## Exercise
Give again, exactly as written, the lines of the records below from the line with "John has a college" to the line with "Delta Green - The". Both end lines count; pictures do not.

[Records from a dataset]
-------------------------

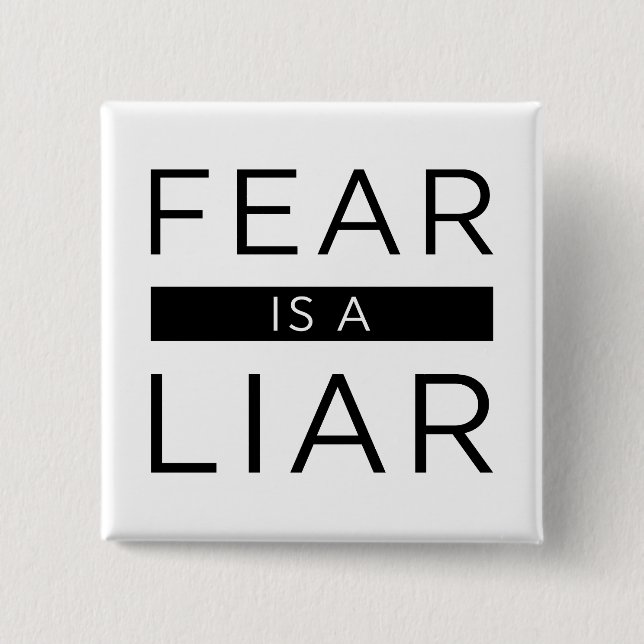 Fear Is A Liar 15 Cm Square Badge (Front)
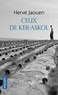 Hervé Jaouen - Ceux de Ker-Askol.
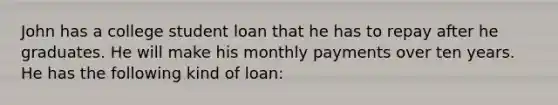 John has a college student loan that he has to repay after he graduates. He will make his monthly payments over ten years. He has the following kind of loan:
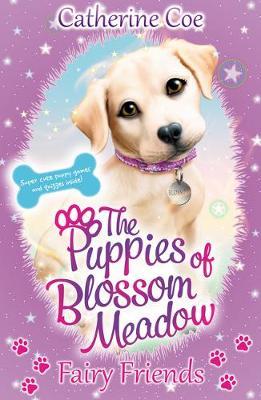PUPPIES OF BLOSSOM MEADOW: FAIRY FRIENDS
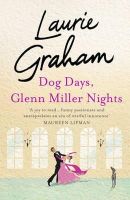 Laurie Graham - Dog Days, Glenn Miller Nights - 9781849163989 - V9781849163989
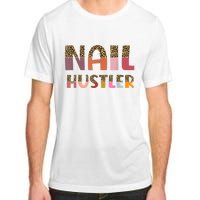 Funny Nail Hustler Manicurist Nail Artist Nail Tech Adult ChromaSoft Performance T-Shirt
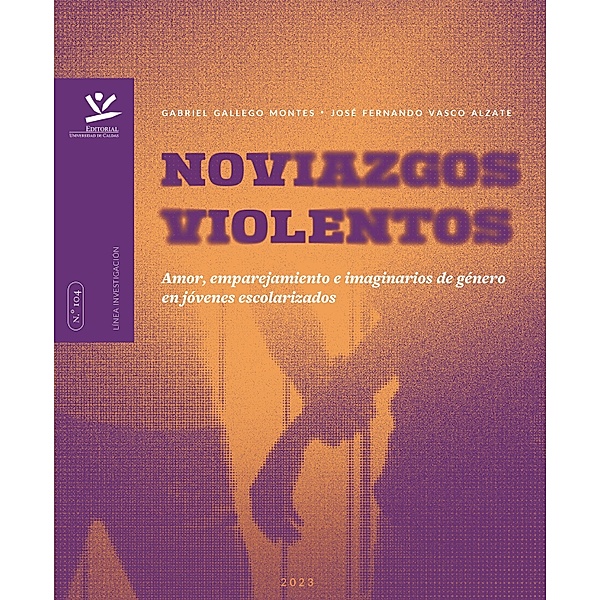 Noviazgos violentos / LIBROS DE INVESTIGACIÓN, Gabriel Gallego Montes, José Fernando Vasco Alzate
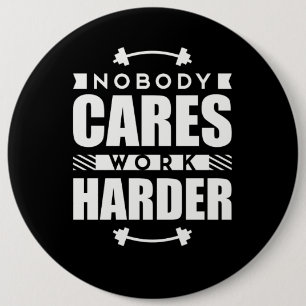 Nobody Cares Work Harder Motivational Quote 6 Cm Round Badge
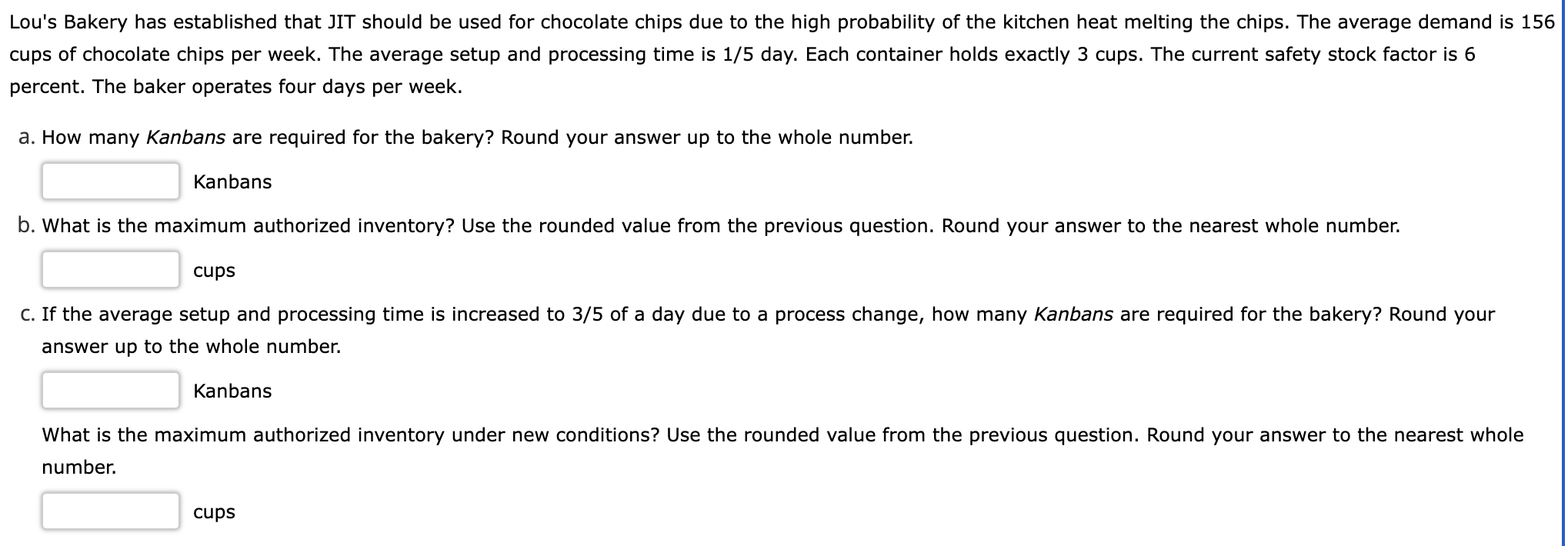 Lou's Bakery has established that JIT should be used for chocolate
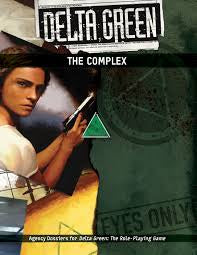 Delta Green - The Complex available at 401 Games Canada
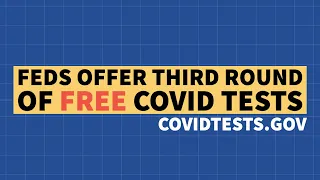 Feds Offer Third Round of Free, At-Home COVID Tests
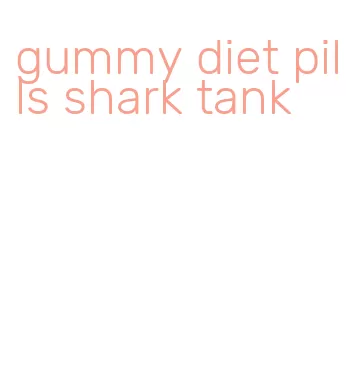 gummy diet pills shark tank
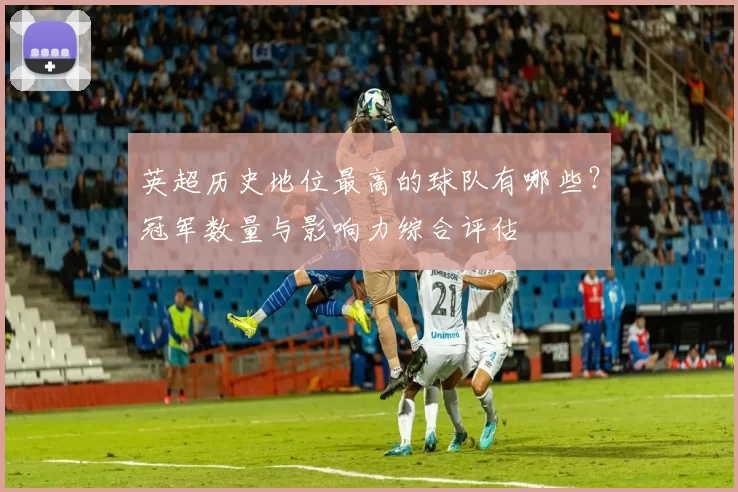 英超历史地位最高的球队有哪些？冠军数量与影响力综合评估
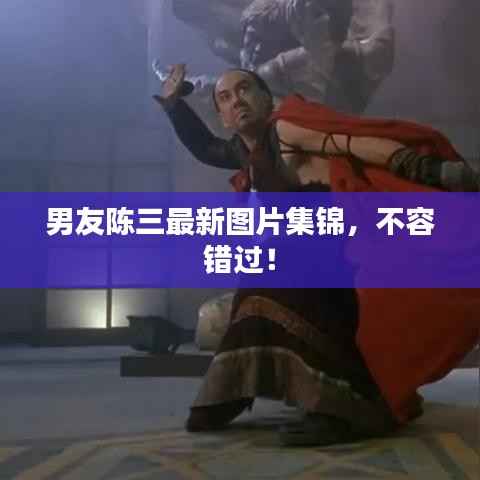 男友陈三最新图片集锦,不容错过!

-------------------------

## Task answer
 John has a college student loan that he has to repay after he graduates. He will make his monthly payments over ten years. He has the following kind of loan:
PUPPIES OF BLOSSOM MEADOW: FAIRY FRIENDS
 Laurie Graham - Dog Days, Glenn Miller Nights - 9781849163989 - V9781849163989
 Funny Nail Hustler Manicurist Nail Artist Nail Tech Adult ChromaSoft Performance T-Shirt
 Noviazgos violentos / LIBROS DE INVESTIGACIÓN, Gabriel Gallego Montes, José Fernando Vasco Alzate
 Nobody Cares Work Harder Motivational Quote 6 Cm Round Badge
 Lou's Bakery has established that JIT should be used for chocolate
 Delta Green - The Complex available at 401 Games Canada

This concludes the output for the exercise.